■ MATERIAL TO PROCESS ■
=== Section Start ===
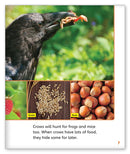 Smart Crows (Story World Real World)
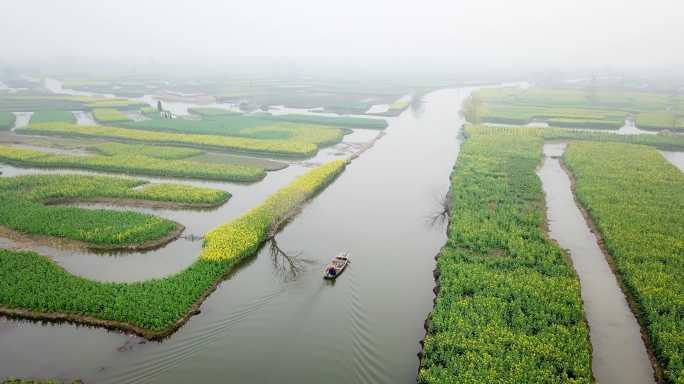 兴化 泰州 江苏 油菜花 航拍 城市宣传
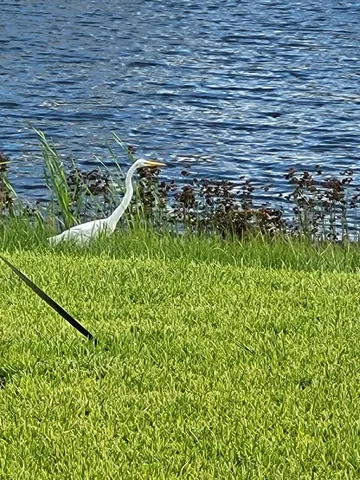 $775,000 | 92503 Shipton Lane, Fernandina Beach, FL 32034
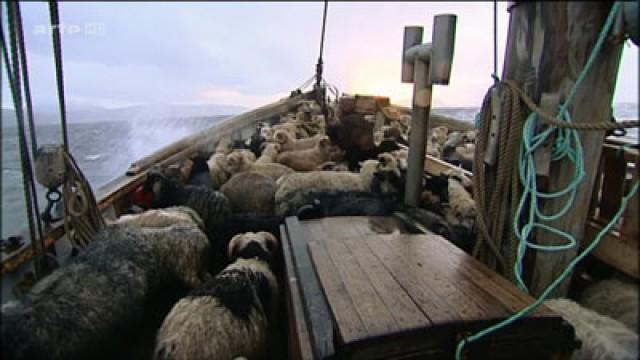 Färöer – die wilden Inseln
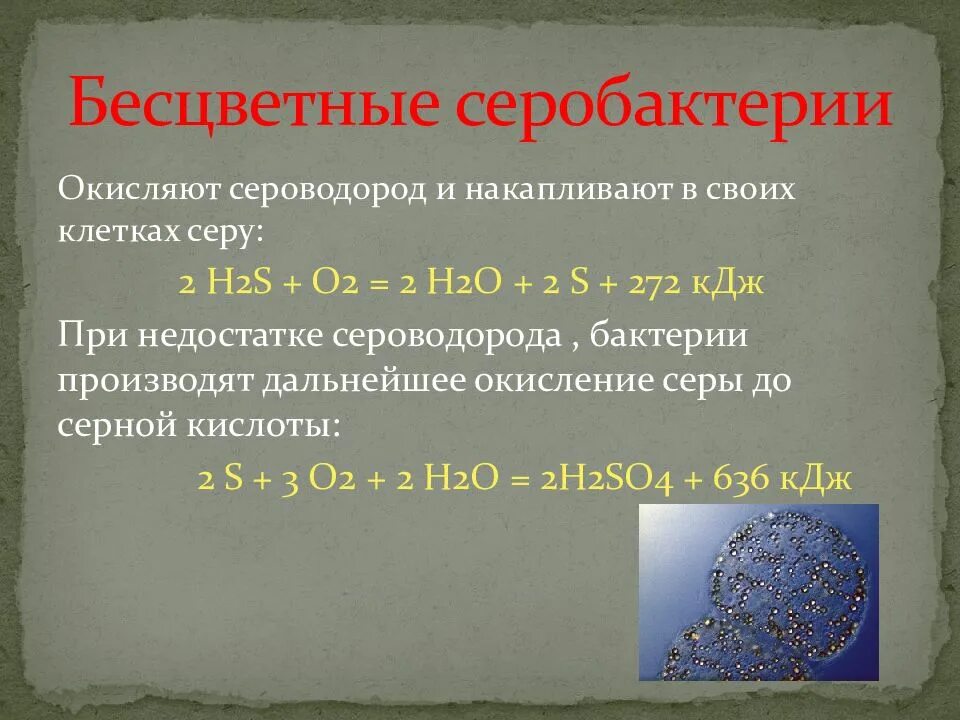 Сероводород h2s o2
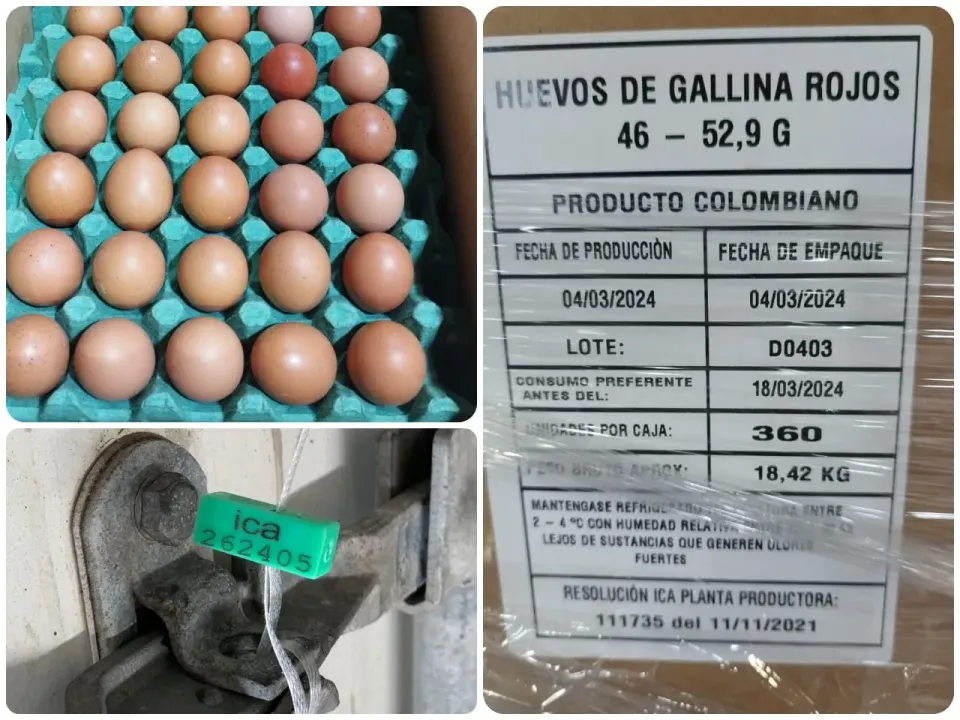Colombia exporta por primera vez huevos a Cuba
=== Section End ===
■ PROBLEM ■
The lines to copy run from the one with "Färöer – die wilden Inseln" through the end of the material. Write them out exactly, leaving out the pictures.

■ SOLUTION TO THE PROBLEM ■
 Färöer – die wilden Inseln
 Сероводород h2s o2
Colombia exporta por primera vez huevos a Cuba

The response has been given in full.